Scholars say that the rhyme existed well before 1820 and is common in many languages, not just in English. Since many counting-out rhymes have existed earlier, it is difficult to know the ditty’s exact origin.
Today, the most common English version goes like this:
Eeny, meeny, miny, moe
Catch a tiger by the toe
If he hollers, let him go
Eeny, meeny, miny, moe.
Throughout history, many variations have been recorded, which include additional words, phrases, concepts, and even characters.
My mother said
to pick the
very best one
and you are it.
…and you are
Possible Historical Explanations
The first record of a similar rhyme, known as the “Hana, man,” originates in 1815. That’s when children in New York City are said to have often said the rhyme:
Hana, man, mona, mike
Barcelona, bona, strike
Hare, ware, frown, vanac
Harrico, warico, we wo, wac.
The scholar Henry Carrington Bolton also discovered this rhyme in German:
Ene, tene, mone, mei,
Pastor, lone, bone, strei,
Ene, fune, herke, berke,
Wer? Wie? Wo? Was?
And author Rudyard Kipling has used this nonsense verse in his writing:
Eenie, Meenie, Tipsy, toe;
Olla bolla Domino,
Okka, Pokka dominocha,
Hy! Pon! Tush!
A Cornish version from 1882 goes:
Ena, mena, mona, mite,
Bascalora, bora, bite,
Hugga, bucca, bau,
Eggs, butter, cheese, bread.
Stick, stock, stone dead – OUT.
More Possible Historical Connections
Likely, the rhyme that we know today comes to us from Old English or Welsh counting, likely from farm jobs, such as counting sheep or crops. An old shepherd’s count is known as the “Yan Tan Tehera” and the Cornish “End, mena, mona, mite” above.
Another explanation comes from British colonists who returned from India after learning the rhyme used in carom billiards: baji, neki, baji, thou, elim, tilim, latim, gou.
There is a Swahili poem brought to the Americas by enslaved Africans that goes: Iino ya mmiini maiini mo.

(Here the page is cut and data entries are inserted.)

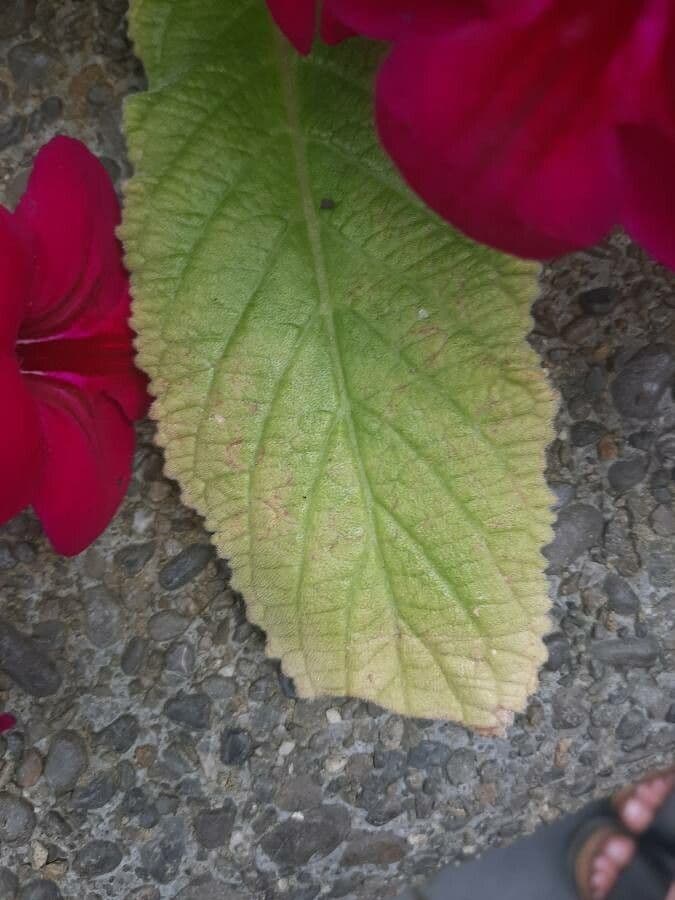 Primula del Capo 8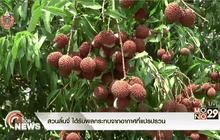 สวนลิ้นจี่ ได้รับผลกระทบจากอากาศที่แปรปรวน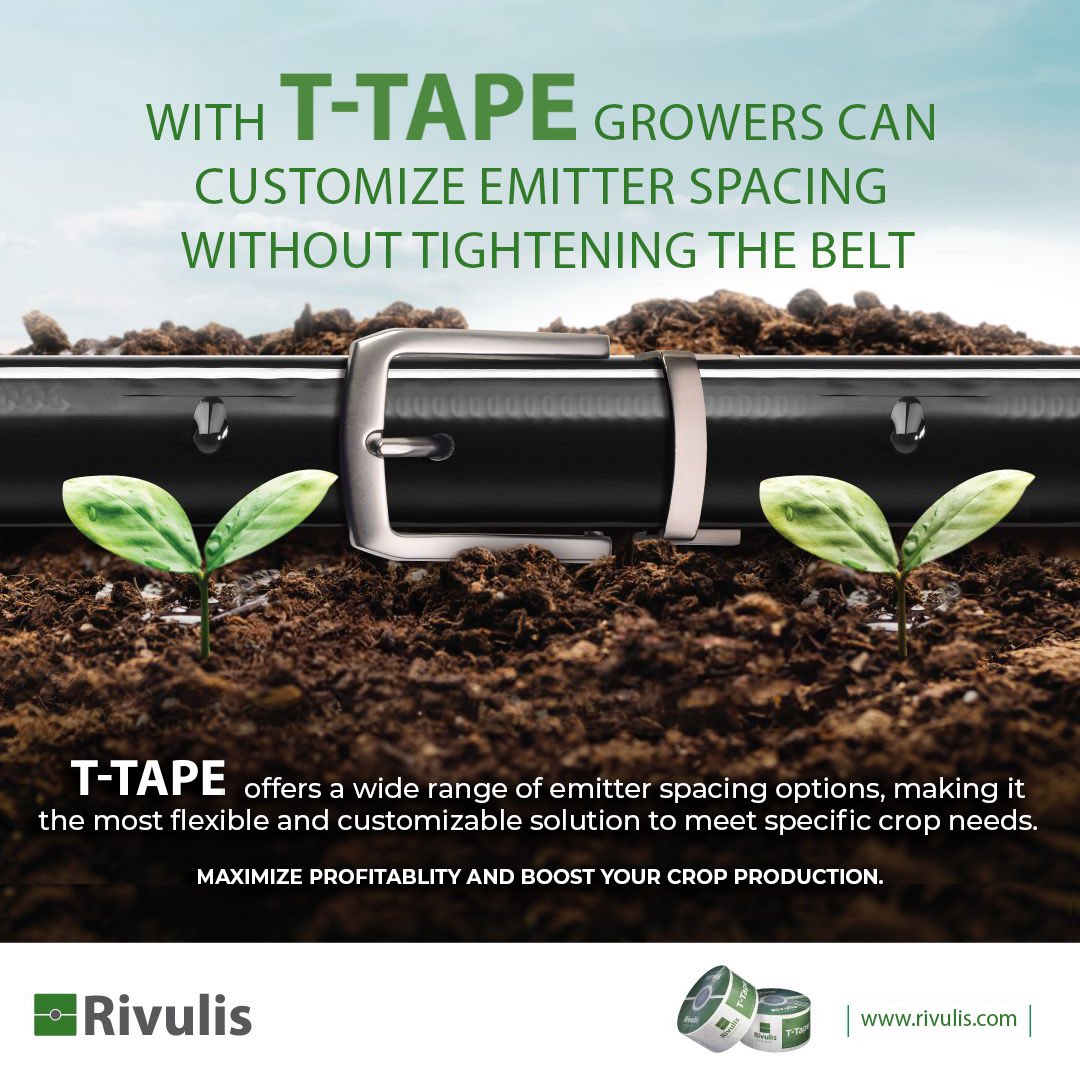JainsUSA's tweet photo. T-Tape offers:
✅Exceptional Water Distribution Uniformity
✅High Clog Resistance
✅Maximum Durability
✅Widest Option in Emitter Spacing Choice
Learn More at ➡️➡️➡️➡️https://t.co/8GPATZ52PA.
#water #Irrigation #GrowBeyond #Morecropperdrop #driptape #agriculture https://t.co/cdVNcCJSLL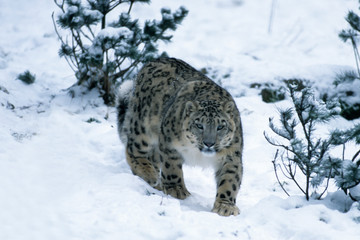 Snow Leopard (Uncia uncia)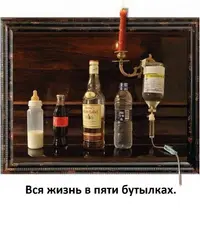 IMG-20171109-WA0017.webp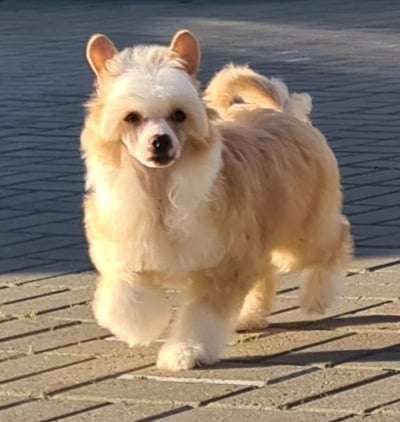 Ivory Queen Gambitas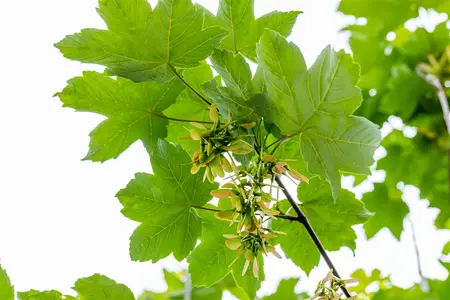 Acer pseudoplatanus - 30-40 CM P9 - image 4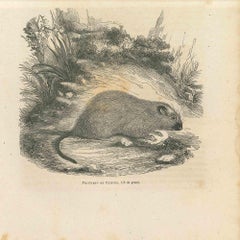 Antique The Mouse - Original Lithograph by Paul Gervais - 1854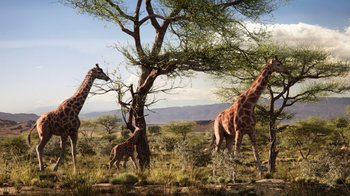 Movie still from “The Lion King” (2019), directed by Jon Favreau – Three giraffes are standing near a tree in the wild; Extreme Wide shot, Low angle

Of course, throughout history, there are even more of these rhythmic, nonsense-sounding rhymes. And there will be more into the centuries, most likely.
Sad, Racist Controversies
Of course, the rhyme has been made ugly and abused. During times of slavery, the word “tiger” was replaced by the N-word. Bolton even reports that this was the most common version among American school children as of 1888, showing how ugly our history has been at times. Versions like the below also appeared in Australia, unfortunately.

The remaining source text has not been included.